The sight was not that unusual, at least not for Mosul, Iraq, on a summer morning: a car parked on the sidewalk, facing opposite traffic, its windows rolled up tight. Two young boys stared out the back window, kindergarten age maybe, their faces leaning together as if to share a whisper.
The soldier patrolling closest to the car stopped. It had to be hot in there; it was 120 degrees outside. “Permission to approach, sir, to give them some water,” the soldier said to Sgt. First Class Edward Tierney, who led the nine-man patrol that morning.
“I said no — no,” Sergeant Tierney said in a telephone interview from Afghanistan. He said he had an urge to move back before he knew why: “My body suddenly got cooler; you know, that danger feeling.”
(snip - long discussion of cognition, pattern recognition, and intuition)
One thing did not quite fit on the morning of Sergeant Tierney’s patrol in Mosul. The nine soldiers left the police station around 9 a.m., but they did not get their usual greeting. No one shot at them or fired a rocket-propelled grenade. Minutes passed, and nothing.
The soldiers walked the road in an odd silence, scanning the landscape for evidence of I.E.D.’s and trying to stay alert for an attack from insurgents. In war, anxiety can run as high as the Iraqi heat, and neuroscientists say that the most perceptive, observant brain on earth will not pick up subtle clues if it is overwhelmed by stress.
In the Army study of I.E.D. detection, researchers found that troops who were good at spotting bombs in simulations tended to think of themselves as predators, not prey. That frame of mind by itself may work to reduce anxiety, experts say.

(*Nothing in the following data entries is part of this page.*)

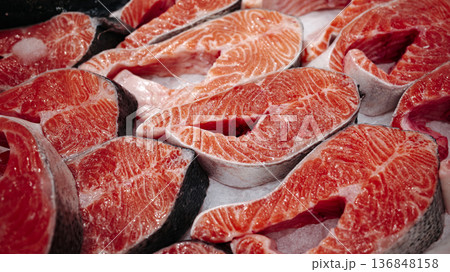 Fresh raw salmon steaks on display, bright orange fish meat with marble texture and skin, ready for cooking, seafood market background. Fresh raw salmon steaks on display, bright orange fish meat with marble texture and skin, ready for cooking, seafood market background. 136848158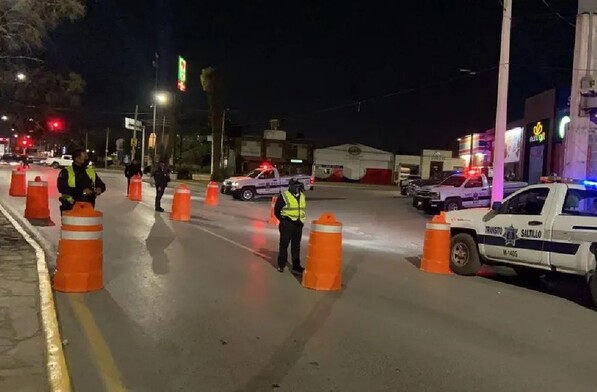 Se observa a unos policías de tránsito en la vialidad y a unos carros en tránsito.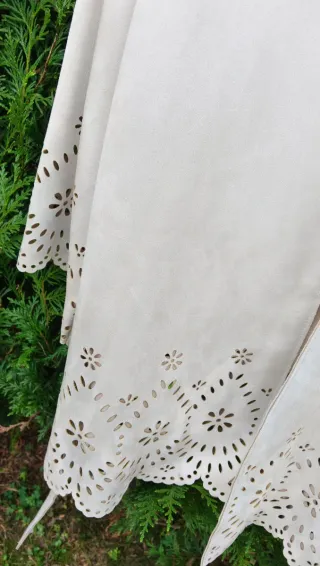 Gabardina/Chaqueta Zara troquelada beige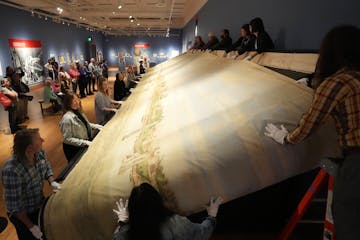 Minnesota Marine Art Museum staff, including curator Jon Swanson, left, and volunteers work to advance a 40-foot section of "A Spectacle in Motion: Th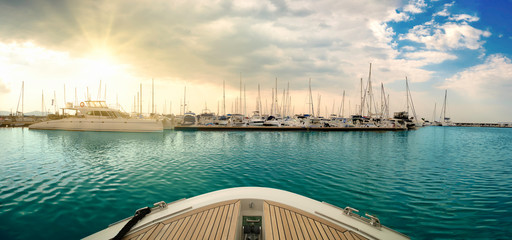 A luxury yatch alongside at the jetty of yatch. © Amarinj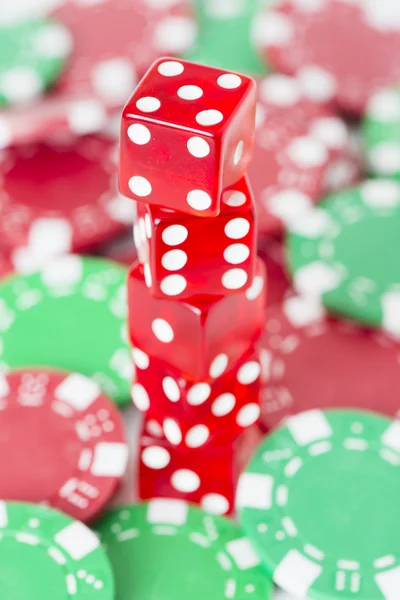 Poker chips and red casino dice — Stock Photo, Image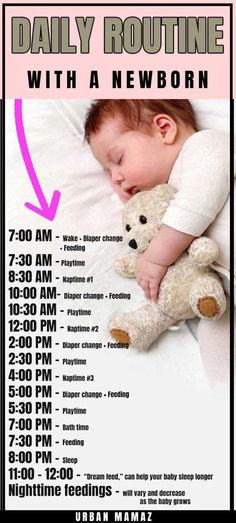 a baby sleeping next to a teddy bear on top of a white sheet with pink writing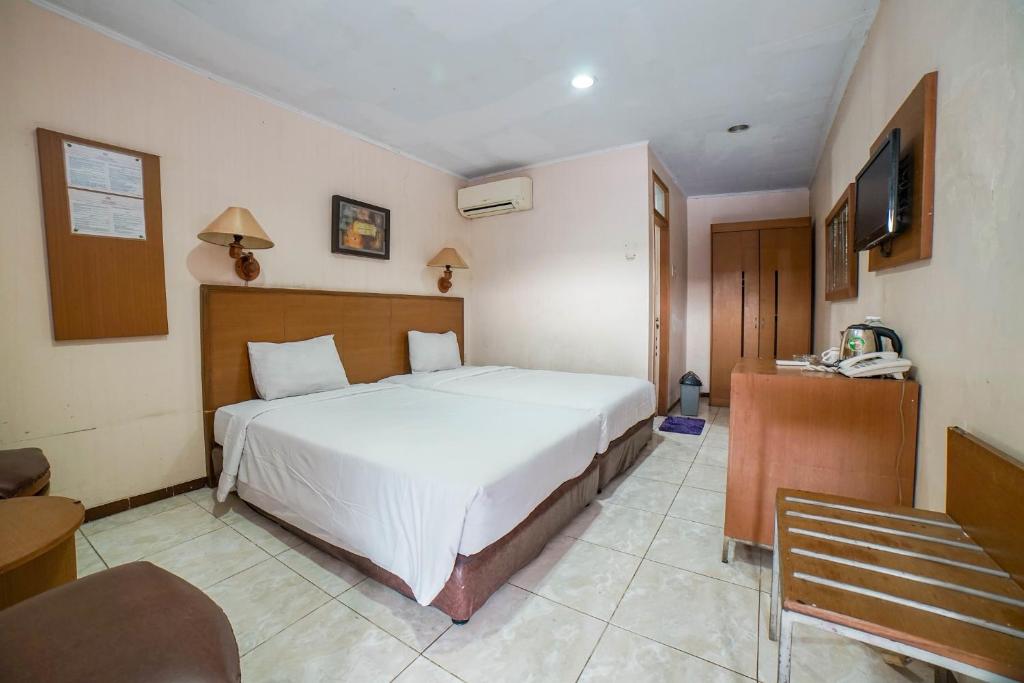 Postel nebo postele na pokoji v ubytování Hotel Kalisma by Alia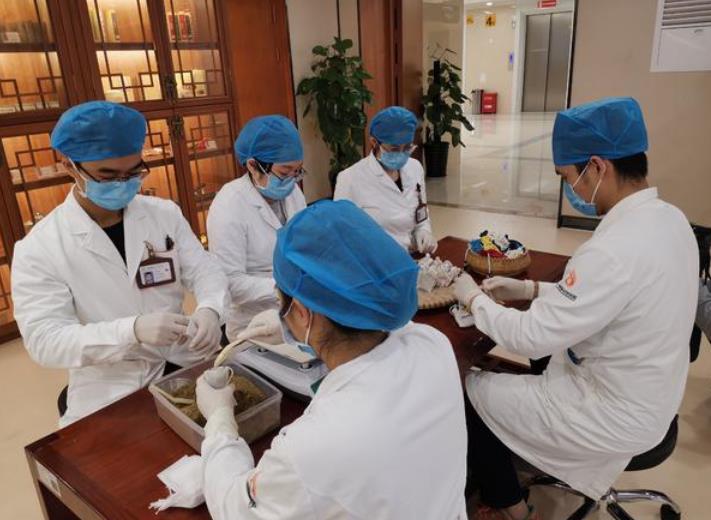 中医医护人员在配制中药。资料图片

The brains of elite troops also appear to register perceived threats in a different way from the average enlistee, said Dr. Martin P. Paulus, a psychiatrist at the University of California, San Diego, and the V.A. San Diego Healthcare System. At the sight of angry faces, members of the Navy Seals show significantly higher activation in the insula than regular soldiers, according to a just-completed study.
“The big question is whether these differences perceiving threat are natural, or due to training,” Dr. Paulus said.
That morning in Mosul, Sergeant Tierney gave the command to fall back. The soldier who had asked to approach the car had just time enough to turn before the bomb exploded. Shrapnel clawed the side of his face; the shock wave threw the others to the ground. The two young boys were gone: killed in the blast, almost certainly, he said.
Since then, Sergeant Tierney has often run back the tape in his head, looking for the detail that tipped him off. Maybe it was the angle of the car, or the location; maybe the absence of an attack, the sleepiness in the market: perhaps the sum of all of the above.
“I can’t point to one thing,” he said. “I just had that feeling you have when you walk out of the house and know you forgot something — you got your keys, it’s not that — and need a few moments to figure out what it is.”
He added, “I feel very fortunate none of my men were killed or badly wounded.”